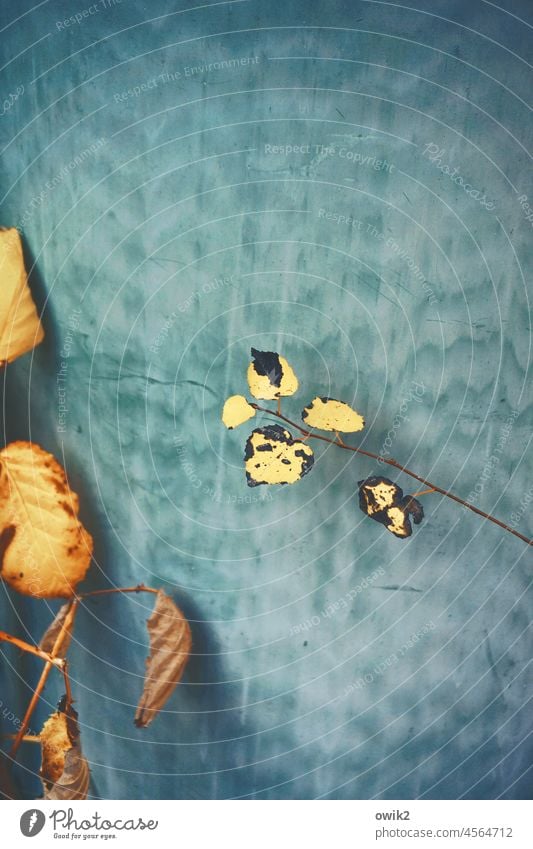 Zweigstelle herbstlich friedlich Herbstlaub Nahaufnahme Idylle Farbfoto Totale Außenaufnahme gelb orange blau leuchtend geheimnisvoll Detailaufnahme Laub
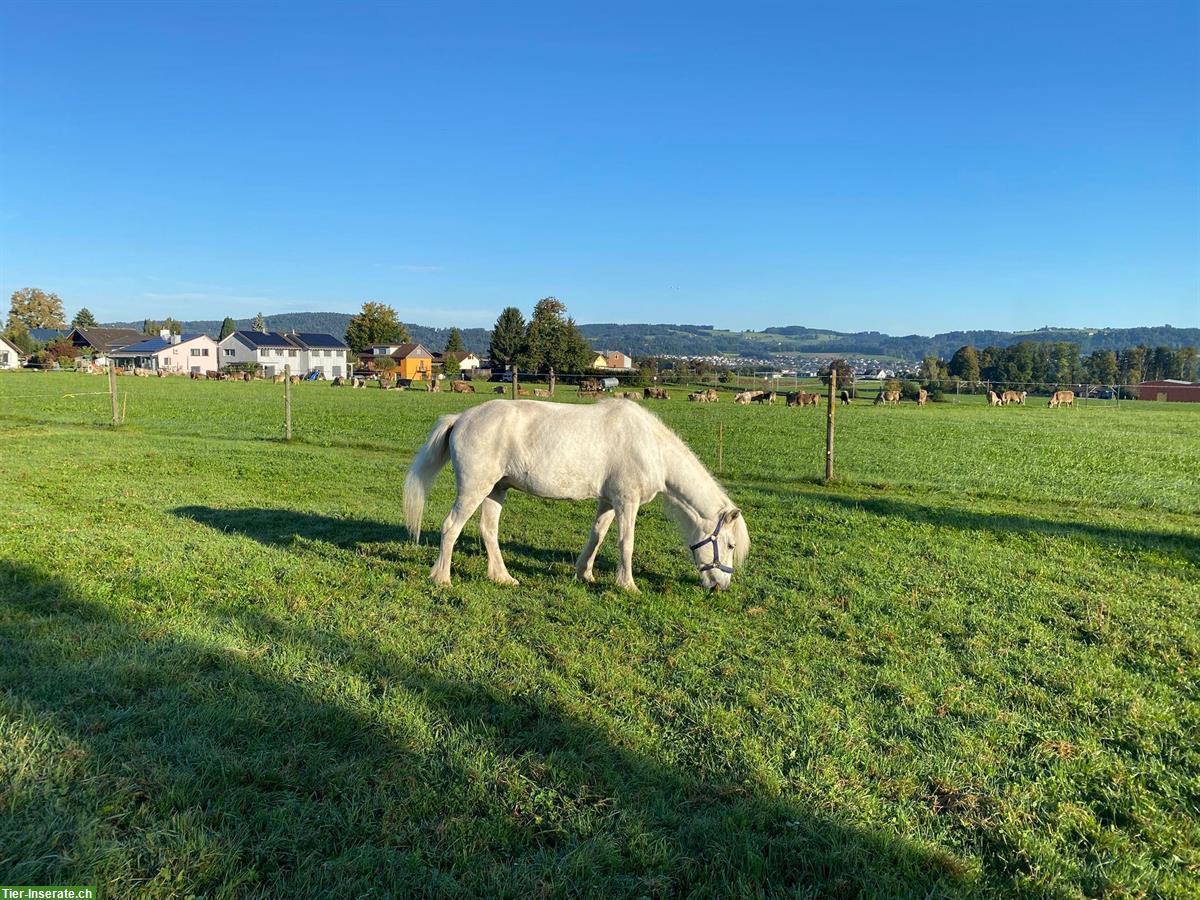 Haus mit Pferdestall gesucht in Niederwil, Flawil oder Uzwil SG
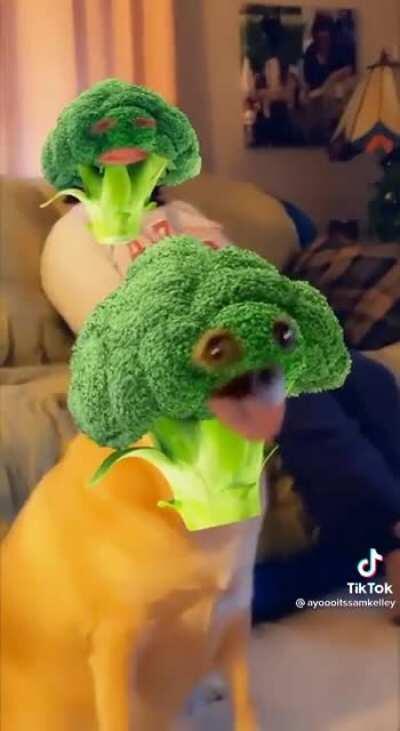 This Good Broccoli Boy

[Exercise brief] Every line above should be returned exactly; the pictures stay out.

[Output of the task]
 Zweigstelle herbstlich friedlich Herbstlaub Nahaufnahme Idylle Farbfoto Totale Außenaufnahme gelb orange blau leuchtend geheimnisvoll Detailaufnahme Laub
 Haus mit Pferdestall gesucht in Niederwil, Flawil oder Uzwil SG
 This Good Broccoli Boy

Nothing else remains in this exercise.